- What is needed
The answer is a stretch of the material below, returned exactly: the line containing "1RK Semi-furnished Room", the line containing "Сукня шовкова з вишивкою і камінчиками", and all lines between.

- Exercise data
• • • • • • •

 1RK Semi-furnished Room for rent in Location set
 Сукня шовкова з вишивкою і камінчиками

• • • • • • •

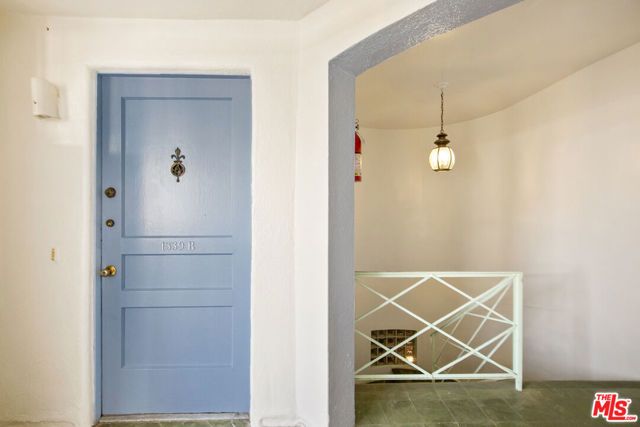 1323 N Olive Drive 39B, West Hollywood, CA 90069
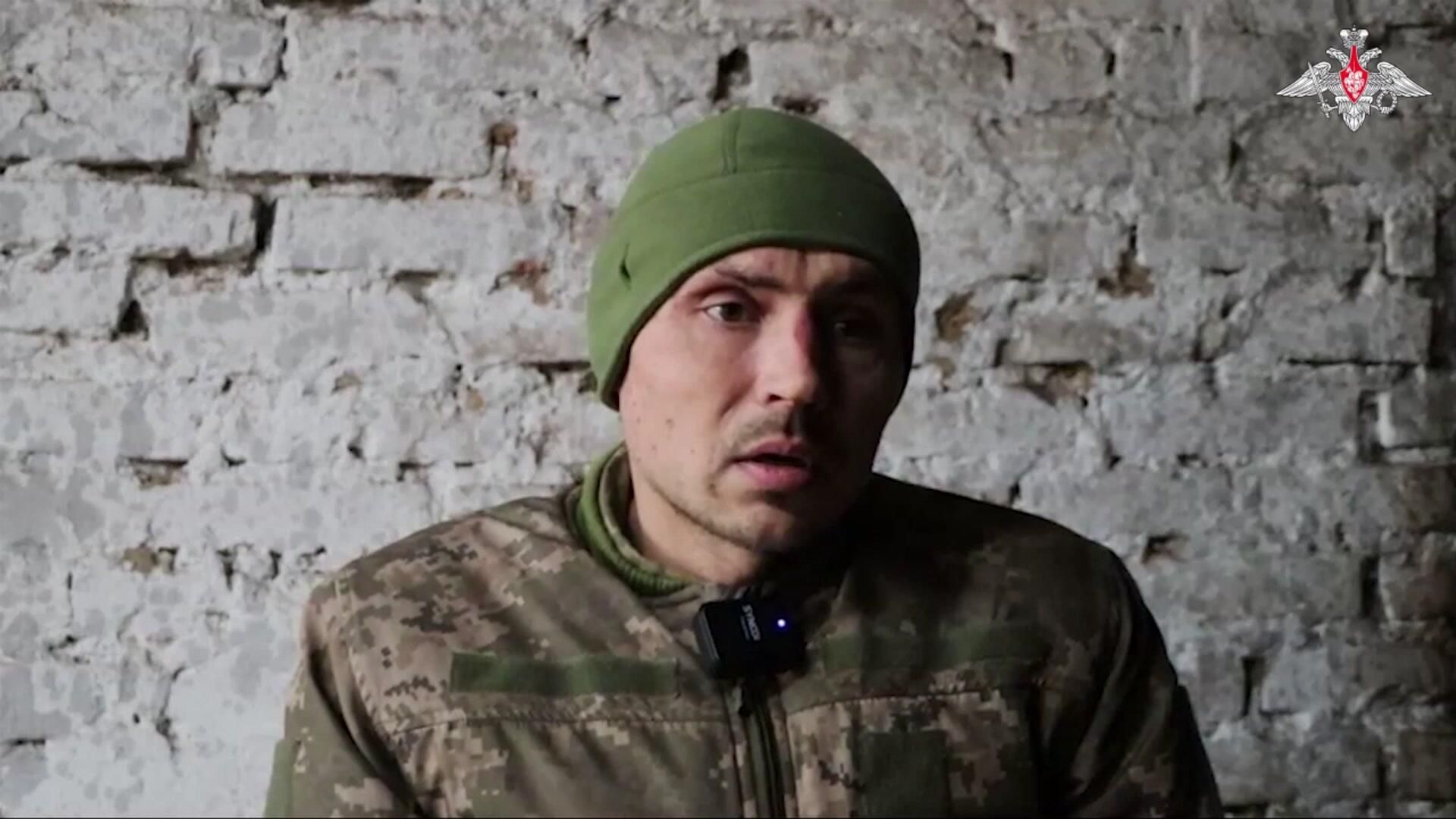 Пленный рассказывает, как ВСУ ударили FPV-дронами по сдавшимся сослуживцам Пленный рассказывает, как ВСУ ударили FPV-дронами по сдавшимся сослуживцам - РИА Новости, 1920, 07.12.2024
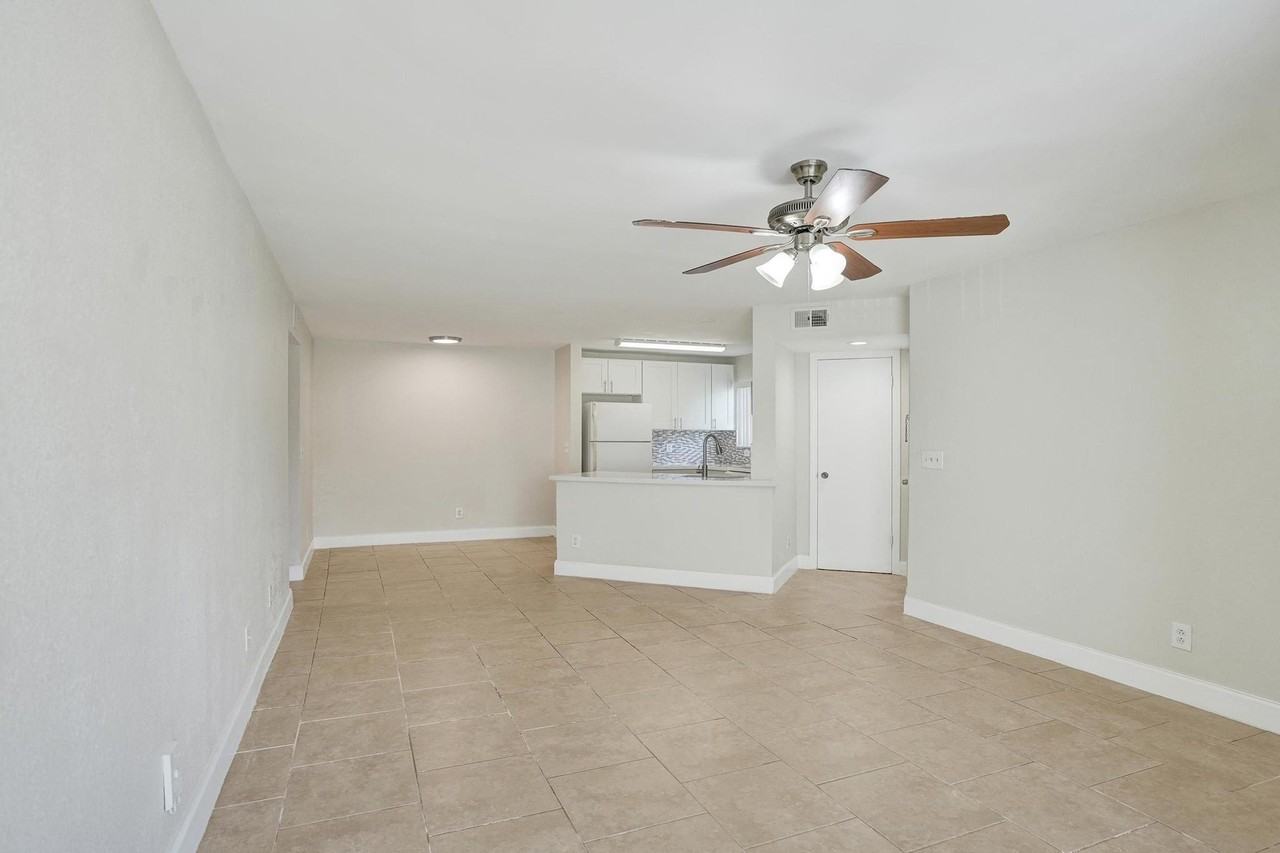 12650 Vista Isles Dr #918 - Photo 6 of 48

• • • • • • •

- Answer space
 1RK Semi-furnished Room for rent in Location set
 Сукня шовкова з вишивкою і камінчиками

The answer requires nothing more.